At which point I might almost say, “Well, so what?” It could just be a light, entertaining read, after all. But then I have to point out the fact that Stockett writes the point-of-view chapters for Aibileen and Minny in a pseudo-dialectical fashion that is so off-putting as to coat two-thirds of the book in a sour film of embarrassment. It’s not even that Stockett tried to write the way black people in the south might or might have talked back then but that she does so in an awful, half-committed style that reads as painfully as it would be to listen to a white public speaker inflect a black dialect. It is in that grating black-through-white-voice fashion that much of the book is told and while eventually as a reader I was able to adjust (around a third of the way in) and just use the ham-fisted stylistic mechanism to affect a character voice in my head, it never once stopped feeling gross to have to do so. Not to mention the fact that while Stockett takes some measure to ensure that Skeeter is presented as somewhat flawed in her own racial attitudes herself, she still comes across as kind of a white savior to the poor black folk who need a champion.
I have to wonder how much of the discomfort I had with either tactic comes from my knowledge that Ms. Stockett herself is white and that clearly Skeeter is a self-insertion mouthpiece. Would the dialect writing bother me if they had been written by a black author? After all, it’s not offensive to me that Irvine Welsh dumps a heavy, phonetic Scottish brogue into his novels, perhaps because he himself is Scottish. I can’t know though, because I do know Stockett is white and, again, her black dialect sounds white-doing-black.

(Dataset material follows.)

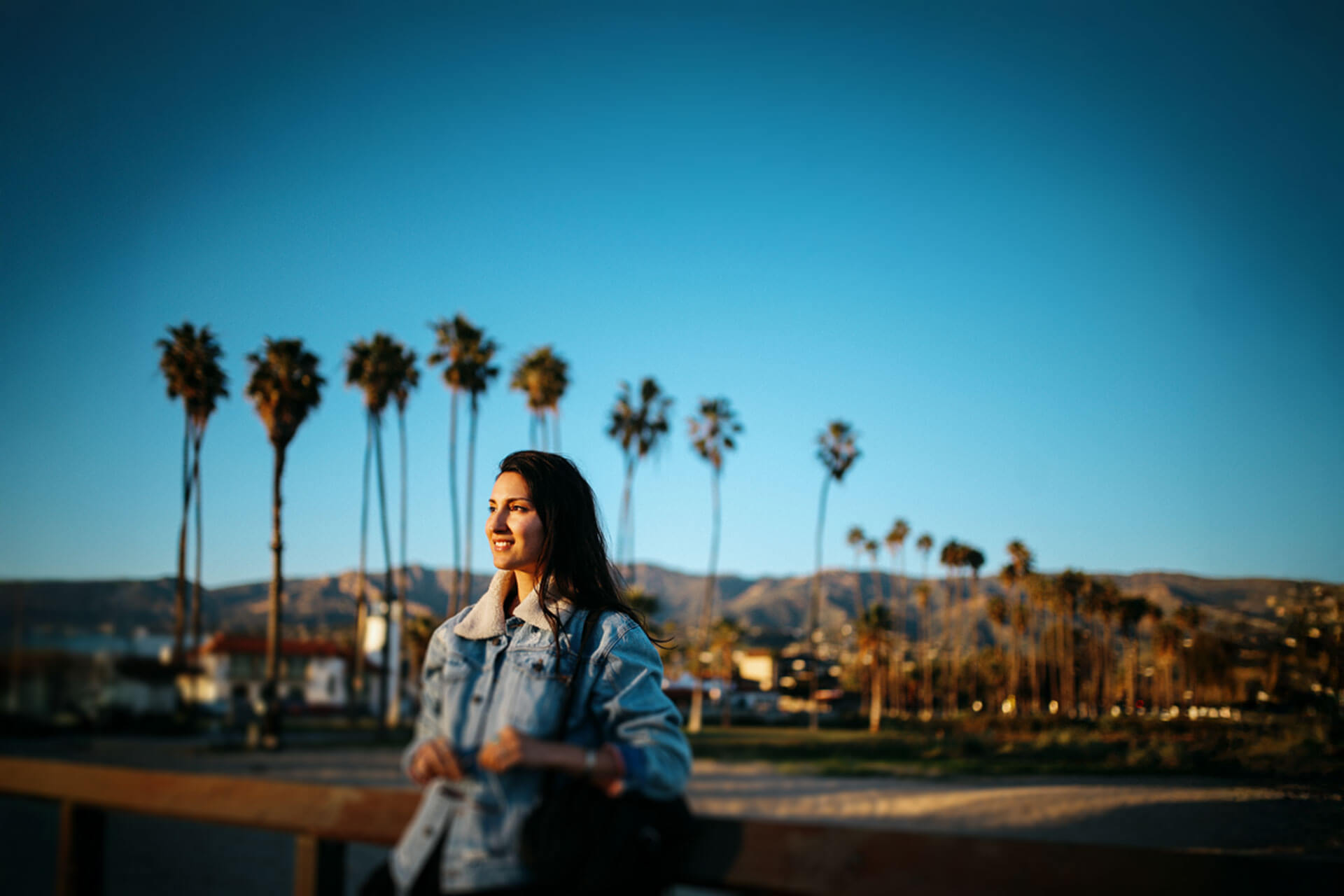 Person genießt den Sonnenuntergang an der Promenade von Santa Barbara mit Palmen und Bergen im Hintergrund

Would Skeeter’s character sit as ill if I didn’t know Stockett practically is Skeeter? I don’t know if the inclusion of the Acknowledgments or the Too Little, Too Late segments as postscripts after the novel text helped or hurt my opinion of the book. It frustrated me to hear how little concern she had with historical accuracy (in a historical novel!) and to learn that her life mirrored Skeeter’s so closely. Yet it was good to hear that she worried about affecting the voice of people who deserve to have their stories told, with very good reason.
I suppose in the end I can’t criticize The Help too much for failing to be what it could have been. I guess that’s like saying The Bell Jar is flawed because it doesn’t include the psychological background of chronic depression or 1984 is lacking because it doesn’t include a counterpoint identifying the positive aspects of oligarchy. Still, I wanted better from The Help than I got.